Everett carries a terrible guilt from the detonation accident that killed more than twenty of his men. He craves pain and absolution, but he has little understanding of his deeper desires. Finny discovers that Everett’s thirst for dominance perfectly meshes with his need for submission and securing a confession is no longer important. Finny realizes that with Everett he has found a true equal and together they can mend the hurts of the past. But in Finny’s business, one doesn’t just walk away from a contract, not without repercussions. As Finny and Everett begin to trust one another and explore the nature of their relationship, unseen enemies threaten to destroy everything.

I really struggled with Submit for Redemption: Submission. More than once I walked away from the book only to force myself to pick it up again. I tend to enjoy novels that focus on D/s relationships, but so much of Submit for Redemption: Submission fell short of expectation.

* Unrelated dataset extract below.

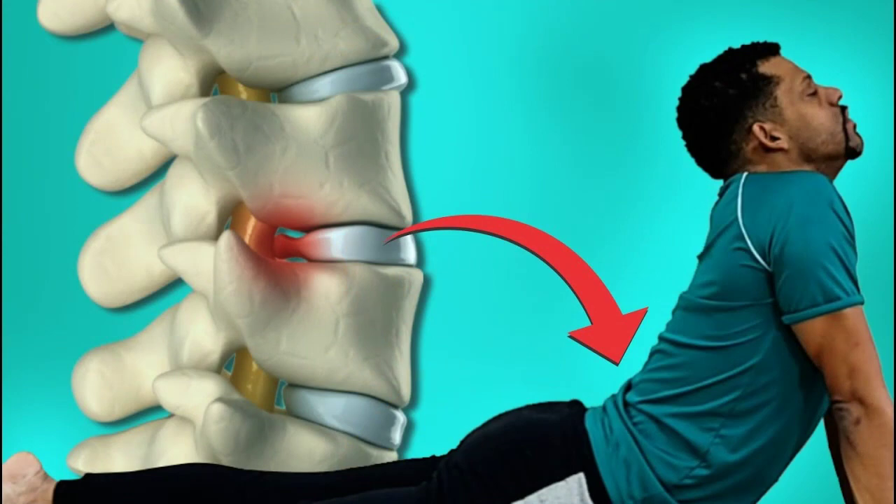Abdominal plank. Lie face down with your elbows supported on the floor below your shoulders and your legs extended behind you. Lift your body until it forms a straight line from the top of your head to your heels and hold for 30 seconds.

I will give the authors kudos for creating a generally well-written work. The narrative flows smoothly enough, though occasionally the characters dialogue strays towards the overly dramatic. There is very little rising action, but the book moves steadily and doesn’t often drag. Unfortunately any other positives became pretty hard to find, at least for me.

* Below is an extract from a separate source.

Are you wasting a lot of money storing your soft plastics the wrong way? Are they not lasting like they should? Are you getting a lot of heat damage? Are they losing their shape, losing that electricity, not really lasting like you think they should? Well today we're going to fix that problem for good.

The plot is, quite frankly, ridiculous. Finny and Everett meet and over the course of a weekend they end up falling in love and proclaiming their need for one another. Their relationship evolves at warp speed and despite their declarations to the contrary, I never believed anything remotely realistic existed between them. I realize that leniency must be given for fiction, but this story travels so far past the realm of believability as to be rendered absurd. The book ends abruptly and there is a sequel, but most of the conflicts in the first installment are resolved through coincidence or happenstance, neither of which is very appealing. The other conflicts are left dangling, presumably to be resolved in the sequel.

Finny and Everett both had potential, but the same lack of realism that crippled the plot trips up most of the characters as well. Everett initially comes to Finny’s seeking punishment to handle his guilt, but after two sessions within a 24-hour period, his guilt is completely resolved and never dealt with again. The idea that someone with that kind of damage could move past it so quickly strains credulity. Additionally Everett seems almost wholly uninformed about the BDSM lifestyle, but over a long weekend is perfectly willing to quit his job as a Ranger and sign a master/sub contract with Finny. I appreciate that the authors attempted to demonstrate how well suited these characters were for one another but it just isn’t believable. Nothing takes me out of the narrative quicker than characters that seem so far removed from reality as to become caricatures rather than creations with whom I can actually connect. There are a handful of secondary characters that seem to serve no purpose beyond initiating Everett into his life with Finny. Habib is perhaps the most well rounded of these and the most interesting, but the others add very little to the plot and tend to clutter scenes rather than enrich them.

The bad guys are numerous and evil in a truly despicable way. Initially Finny is one of them, but his darker side is whitewashed almost as soon as he meets Everett. Which leaves a host of men who enjoy torture and blood, not within the context of supportive S/M relationships, but simply because they can. There is a meaningless and cruelty behind their actions that both repels and rings false, because they lack depth and dimension. They’re just thugs we’re told we should loathe and we do but for all the wrong reasons.

Submit for Redemption: Submission had potential but an unbelievable plot, uninspired and silly characters, and an overall level of ridiculousness left it sadly lacking. I’d have to recommend giving this one a pass.